In other words, you will complete all the typical phases of a data science project by yourself:

  • Build pipelines to gather bikes and weather data in real time

  • Store the data efficiently

  • Train some ML models with historic data

  • Deploy the ML models into production in real time

This will typically take several people (Data Engineers, Data Scientists) and weeks of work, however you will complete this tutorial in under 90 minutes using Quix.

Prerequisites

  1. You will need to know how to train an ML model.

    Want to learn it?

    If you don't already know how to train an ML model, follow our "How to train an ML model" tutorial here.

    We walk you through the process of getting the code to access the data, running the code in a Jupyter notebook, training the model and uploading your pickle file to Quix.

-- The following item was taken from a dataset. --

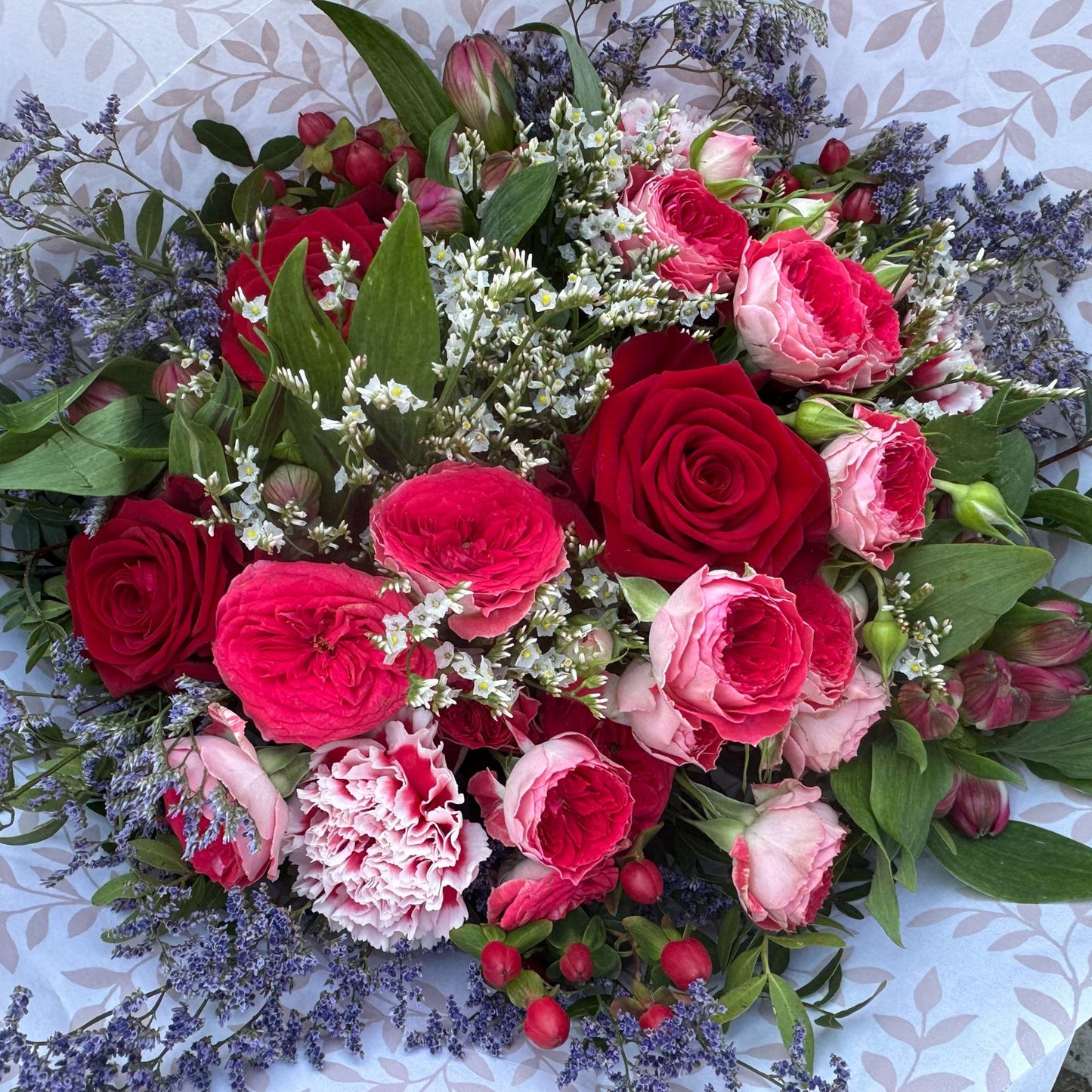 bouquet rouge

  2. You will need a Quix account and be logged into the Portal.

    Tip

    Go here to sign up if you need a free account.

Overview

This walk through covers the following steps:

  1. Create OpenWeather account (third party)

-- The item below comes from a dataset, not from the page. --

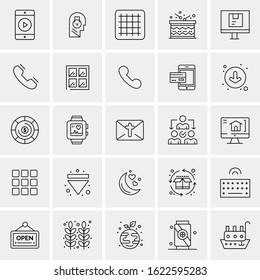 25 Universal Icons Vector illustration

  2. Create a bikes data real time stream

  3. Create a weather forecast data real time stream

  4. Visualize the data

  5. Get data to train a model

  6. Deploy pre-trained ML models and produce predictions in real time

  7. See the models output

1. Create OpenWeather account (free)

Info

OpenWeather is a team of IT experts and data scientists that provides historical, current and forecasted weather data via light-speed APIs.

  1. Go to the OpenWeather Sign Up page.

  2. Click the "Sign Up" button and complete the dialog. Do the email and text message verifications.

  3. Then, go to the OpenWeather API keys page to copy your key. Keep it safe for later.

2. Bikes real time stream

Start by getting the real time bikes stream. Use CityBikes to get real time bikes data (it doesn’t require a sign up or any keys).

Instead of writing a lot of code you will use the Library to deploy a pre-built service that streams data from the New York CitiBikes api.

  1. Search the library for New York and select the New York Bikes - Source tile.

    NY Bikes library tile

    Tip

    The Library is on the left hand menu

  2. Click Setup and deploy

    a. Leave the Name as it is

    b. Ensure the output is set to bikes-topic

  3. Click Deploy

    The pre-compiled service will be deployed to your workspace and will begin running immediately.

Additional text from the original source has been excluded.